Most residents at Crown Villa own their mobile homes and plan to stay put. Some cite financial constraints associated with moving their trailer or selling a mobile home that is not connected to electricity.
Others say they are staying because they love the location.
“We’re all clinging to our homes because nobody is ready to go. We’re all terrified,” said Lisa Anderson.

She has lived at Crown Villa with her husband and son for over a decade.
“Everything that we own is in that trailer.

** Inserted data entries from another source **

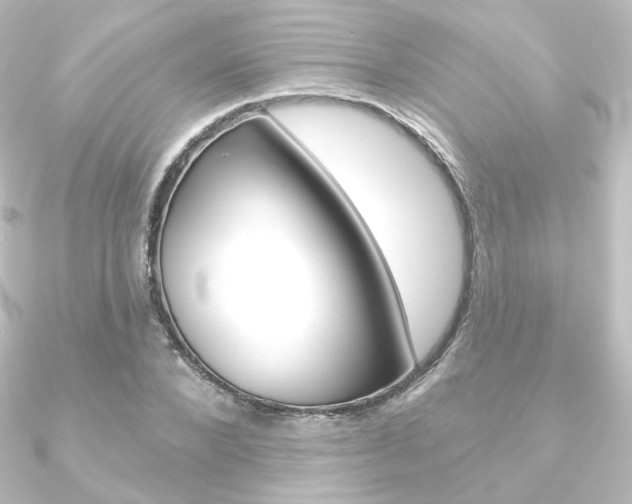 X0000090950880200708021059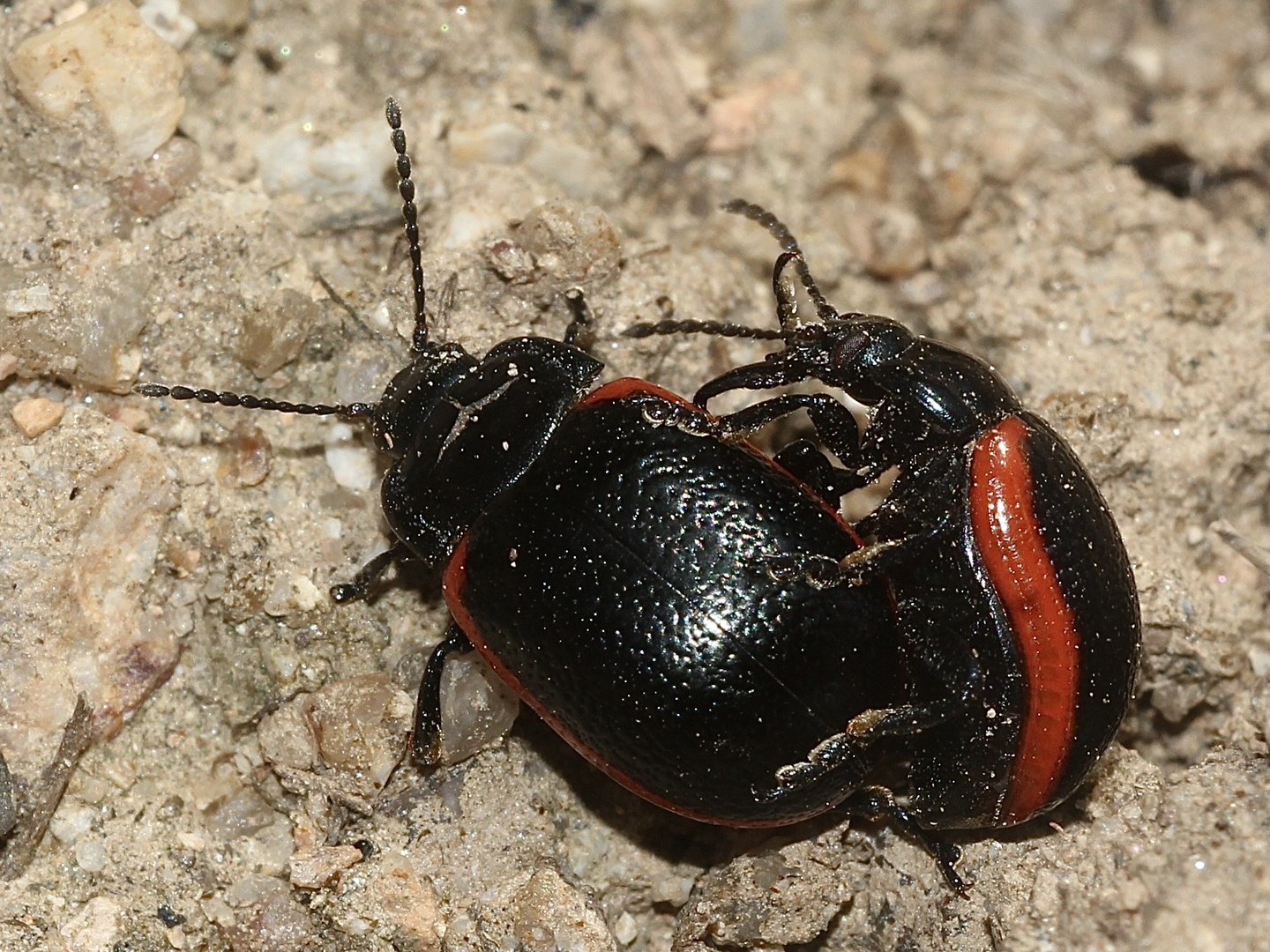 (1) Der Kleine Leinkraut-Blattkäfer (Chrysolina sanguinolenta) ...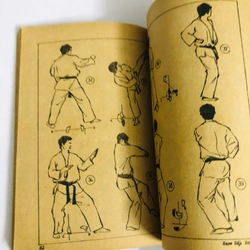 TUỔI TRẺ VÀ VÕ THUẬT  - 141 trang, nxb: 1988 542122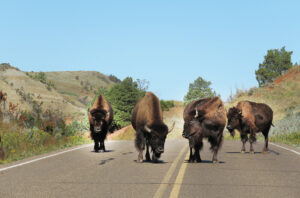Herd of buffalo standing in the road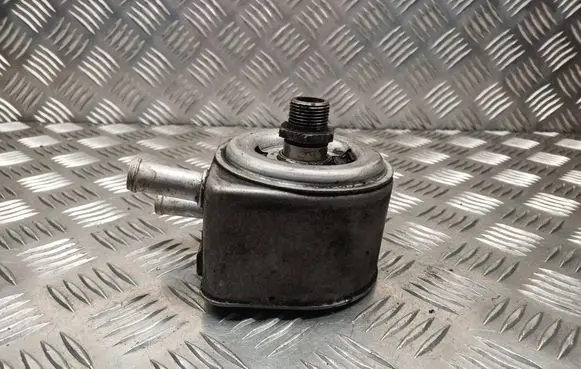 Peugeot 807 Oil filter mounting bracket 9637319180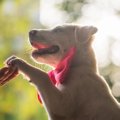 犬が『オテをしてく…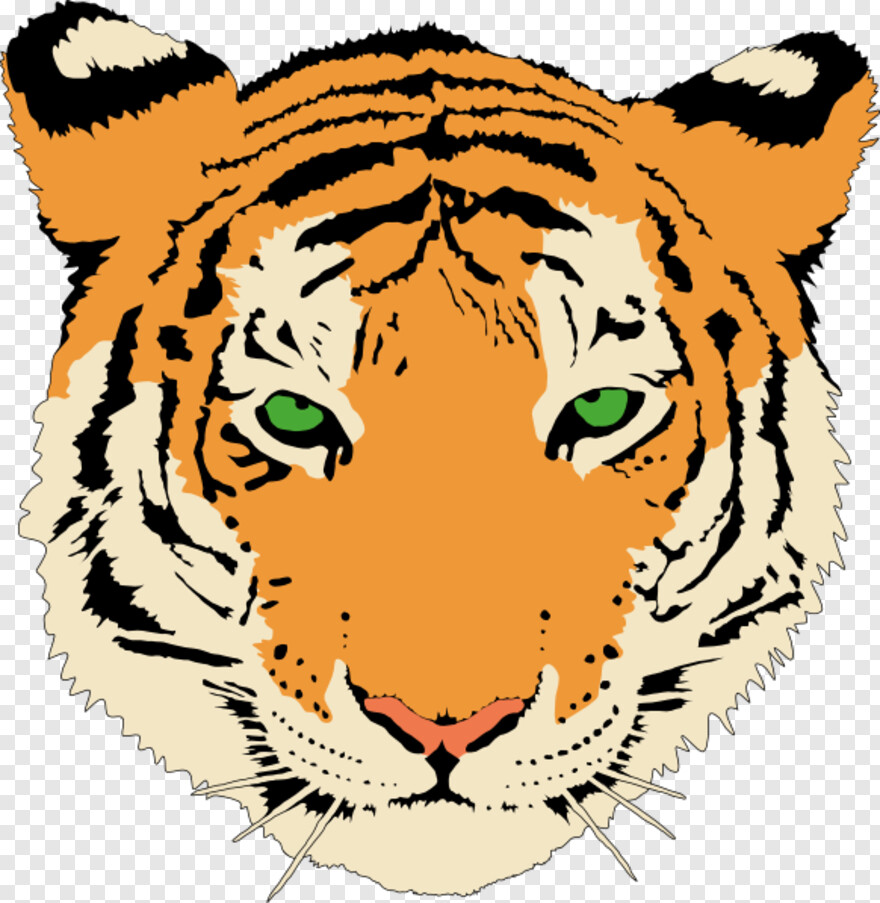 tiger # 470453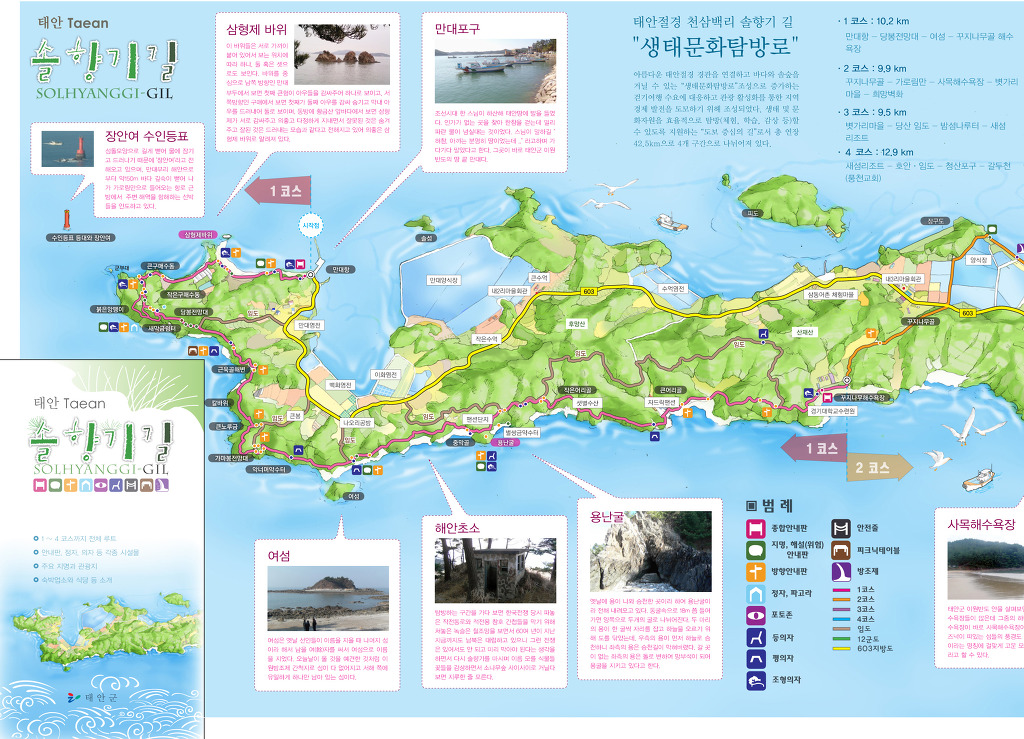 솔향기 이미지
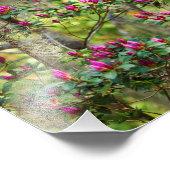 Roze Azalea in Bud Foto Afdruk (Hoek)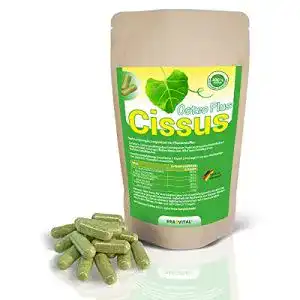 Cissus quadrangularis ERASVITAL Cissus Osteo Plus 240 Kapseln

We don’t have extra money,” said Anderson.
In preparation for next week’s power shutoff, the Anderson household has been purchasing bottled water since the electrical water pumps for the site’s well will stop working.
They plan to buy large batteries that can be charged with solar power, and will bathe and do laundry at her relative’s house.
Other residents, like Phil Tomkulak, have no choice but to leave.

Tomkulak has chronic obstructive pulmonary disease (COPD) and relies on a continuous-flow oxygen concentrator, powered by electricity, to breathe.
He is moving into an apartment and does not yet know what he will do with the mobile home that is soon to be without power.
“This place I had planned on being my last,” said Tomkulak, about the home that he purchased with his late wife.
In a statement, the Ministry of Housing and Municipal Affairs said landlords are required by law to keep their manufactured home parks in reasonable repair. It noted the Crown Villa Mobile Home Park has a heavily-used, undersized and aging electrical system. It also said Goldstone has failed to provide evidence of efforts to secure financing for the repairs.
Homeowners who experience damage or losses due to landlord negligence, like having to move, can apply to the Residential Tenancy Branch for compensation from the landlord.